Dobbiamo attendere Piombo, l’ottava traccia che tocca gli orrori delle guerre nell’Est Europa, senza sapere cosa sarebbe successo oggi in Ucraina, per avere nelle orecchie qualcosa di potente e folgorante, sebbene chitarra e basso siano saturi e pompati, ma in generale assistiamo ad un album ribollente di un viaggio onirico nelle nostre paure, raffigurate dalle immagini realizzate dall’artista contemporaneo DEM, che è stato anche di ispirazione per il loro lavoro. Paure in cui ci si interroga perché i sogni durano una frazione di secondo e gli incubi un’eternità, continuando a procrastinare progetti per poi perderci nei fallimenti. E i soliti ricordi e promesse impalpabili andati in Polvere.

Parliamoci chiaro: non è un album per tutti, non è un disco di rock sanguigno come possiamo aspettarci dai Ministri, e nemmeno più crepuscolare delle nenie dei Verdena. E’ proprio un altro mondo fatto di sonorità aguzze disseminate da tanti artefici (ricordo un anno fa un loro spezzone dove sbattevano catene su una pala per ricavarne un suono), ma nemmeno un lamento funebre. Semmai un mettere in musica un viaggio interiore nel tentativo di uscire da un’oscurità, se vogliamo anche confortevole, provando a scrivere canzoni fuori dall’ordinario. Nella produzione di questo album è intervenuto anche Phil Buono del Monolith Recording Studio di Benevento che ha aiutato la band a definire il suono e di danzare sul tempo senza essere rigorosamente sulla stessa linea, permettendo ai brani di avere un taglio differente da quanto viene prodotto in Italia.

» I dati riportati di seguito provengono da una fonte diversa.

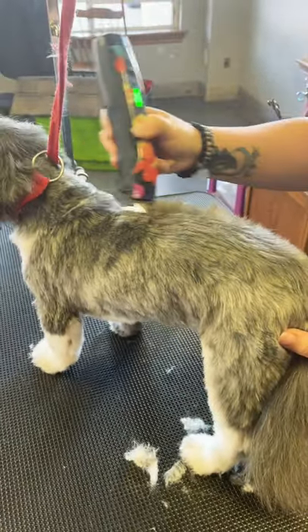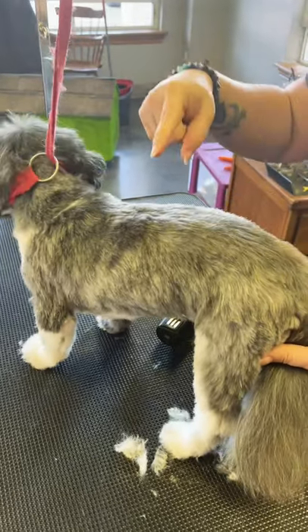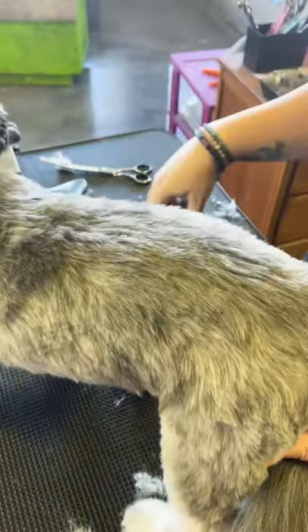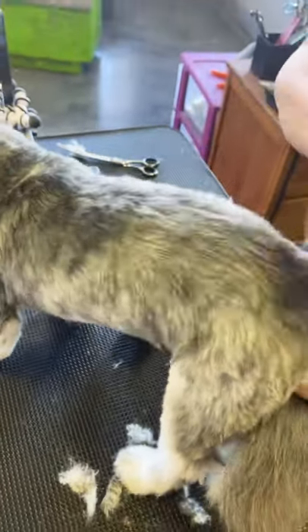When you're shaving a dog with a lift comb and you see all these little lines, you need to get rid of those lines. Take a Furminator for short hair and just comb right over them.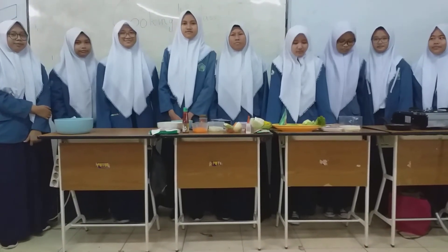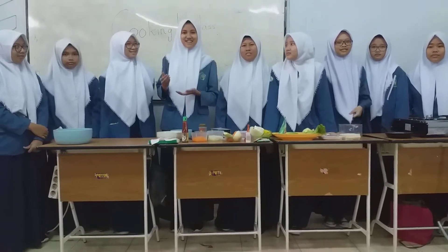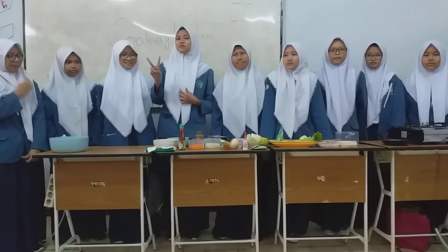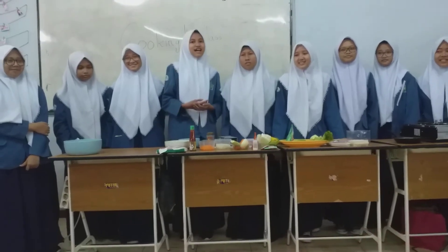Assalamualaikum warahmatullahi wabarakatuh. We are from group 3 and we are going to show you how to make two simple breakfast dishes: sandwich and salad. Before we get started, let us introduce ourselves.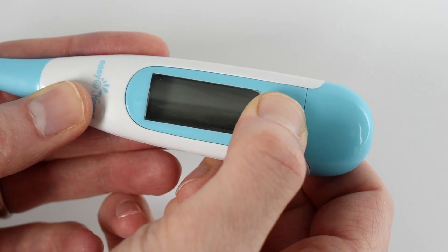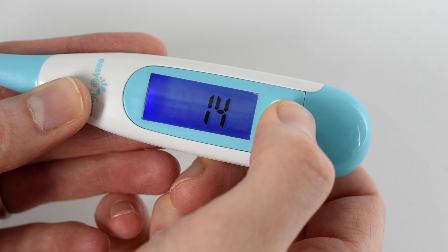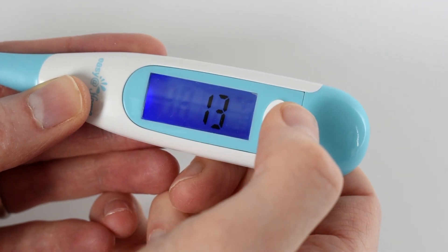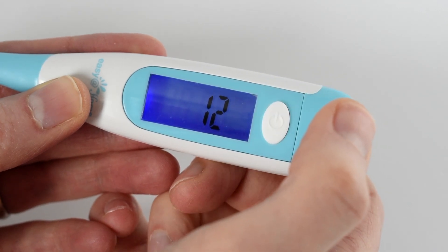While the thermometer is off, press and hold the on-off button for about four seconds to enter the memory recall mode. Briefly press the on-off button to scroll through each saved temperature starting from the most recent one.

Vet e Culti si conclude con Quando l’Ultimo se ne Andrà, descrivendo le conseguenze di qualche tempesta passata sulle nostre vite dove ci tocca spazzare via sogni e felicità, catapultandoci nell’indifferenza, nel solito tran tran, nei rimpianti e alla fine “non resta che suonare un blues”. Un disco dagli intenti coraggiosi, non semplice, per fortuna non lineare.